Zugute gehalten wird dem 1962 geborenen Lehrer von seinen Kollegen an der Schule offensichtlich, dass er erst zu Beginn der 1990er Jahre nach Deutschland gekommen sei und demzufolge über die Strukturen in Deutschland natürlich nicht so gut Bescheid wissen konnte. Nun kam er allerdings nicht aus irgendeinem Ausland, sondern aus Argentinien. Er sei in Buenos Aires geboren, erfahren wir von einem Kollegen, und dort auf eine deutsch-argentinische Schule gegangen. Dass man die Strukturen im Hinblick auf das "Deutschtum" in Argentinien auch kritisch sehen kann, wird an einer deutschen Schule in Bariloche sichtbar, denn just an dieser deutschen Schule war bis 1994 kein geringerer als Erich Priebke Schul-Vorstandsvorsitzender, ein ehemaliger Angehöriger der Waffen-SS, der 1994 in diesem Ort von den Behörden aufgespürt und nach Italien ausgeliefert wurde. Dort wurde er wegen der Massenerschießung italienischer Partisanen im Jahre 1945 gesucht. Dieser Mann genoss offensichtlich an diesem Ort eine hohe Reputation.
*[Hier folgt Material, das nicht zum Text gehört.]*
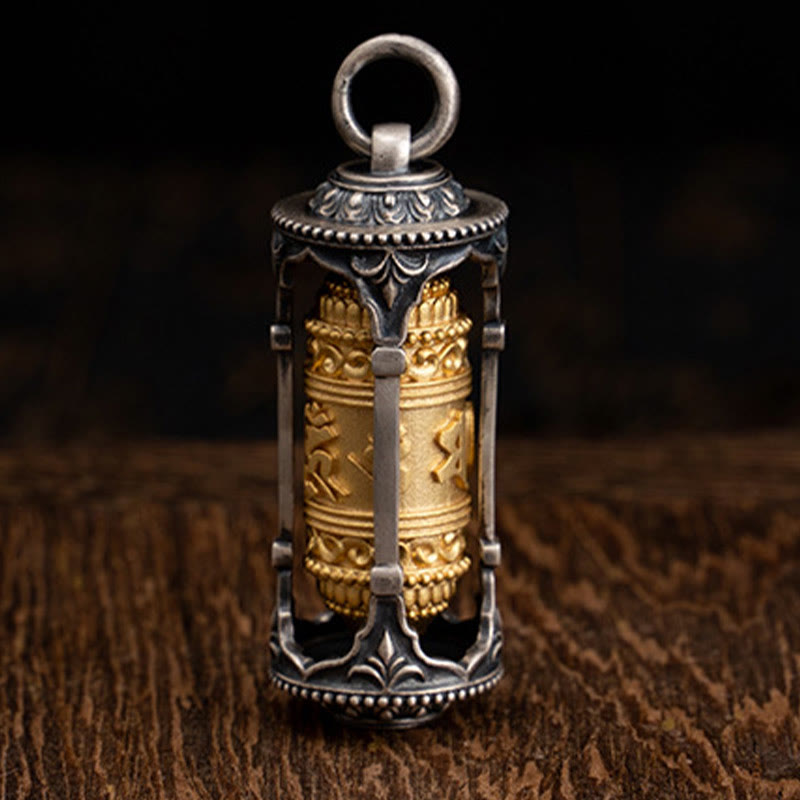 Collana con ciondolo a forma di ruota di preghiera tibetana in argento sterling 925 con pietre Buddha Stones, Om Mani Padme Hum, saggezza - image 2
In einer WDR-Dokumentation des argentinischen Filmemachers Carlos Echeverría, eines ehemaligen Schülers dieser Schule, wird durch zahlreiche Hintergrundinformationen zum Thema Argentinien und der dortigen deutschen Gemeinschaften ziemlich schnell deutlich, dass man nicht nur an diesem Ort, sondern in ganz Argentinien sehr wohl über die Aktivitäten der Altvorderen Bescheid gewusst haben dürfte.
Laut einer Elterninformation der Mindener Schule vom Wochenende, in der noch einmal klargestellt wurde, dass man dem Pädagogen einstimmig das Vertrauen ausgesprochen habe, war der Lehrer bis zu den Sommerferien freigestellt worden.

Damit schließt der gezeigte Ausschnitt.